Director-General George Entwistle resigned from the BBC on Saturday after a news program falsely accused a politician of child abuse. The devastating misreport came just weeks after the same program, "Newsnight," became the center of one of the worst scandals in the BBC's history, due to its decision to scrap an investigative report outing iconic British television host Jimmy Savile as a serial child sex abuser.
Murdoch, whose media empire suffered deeply from the phone hacking scandal that led to the closing of the News of the World tabloid, multiple arrests, parliamentary hearings and a press ethics inquiry, tweeted about the scandal the BBC currently faces.
"BBC getting into deeper mess. After Savile scandal, now prominent news program falsely names senior pol as paedophile," he wrote on Saturday before Entwistle resigned. "Editor- in- chief apologises and pleads total ignorance. Press having field day! What are editors for?"
After Entwistle's resignation, Murdoch added, "Now BBC will probably split editor-in- chief and Director General jobs.Would be much better. Guess FT Hislop real sleeper candidate."
Reuters' Michael Holden and Kate Holton provided some insight into Murdoch's response to the scandal when they reported on the BBC's loaded relationship with its competitors.

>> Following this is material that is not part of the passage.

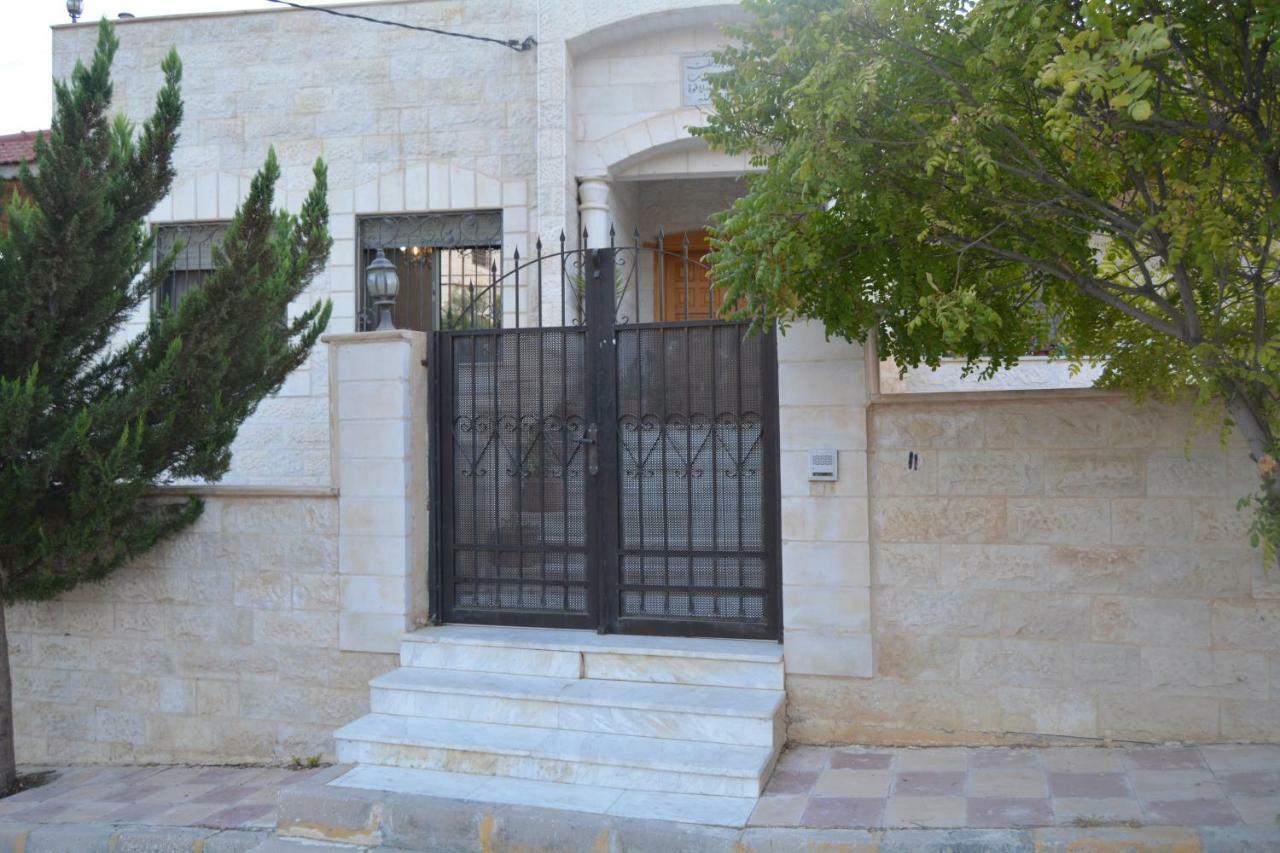 Our Villa'S Private Apartments - Hq Budget Stay - Wonderful Horizon View Of Jerash 제라시 외부 사진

They wrote, "While respected around the world, the BBC has long been resented by its commercial rivals, who argue the licence fee gives it an unfair advantage and distorts the market. Murdoch's Sun tabloid gleefully reported Entwistle's departure with the headline 'Bye Bye Chump' and [BBC chairman Chris] Patten said News Corp and others would put the boot in, happy to deflect attention after a phone-hacking scandal put the newspaper industry under painful, intense scrutiny."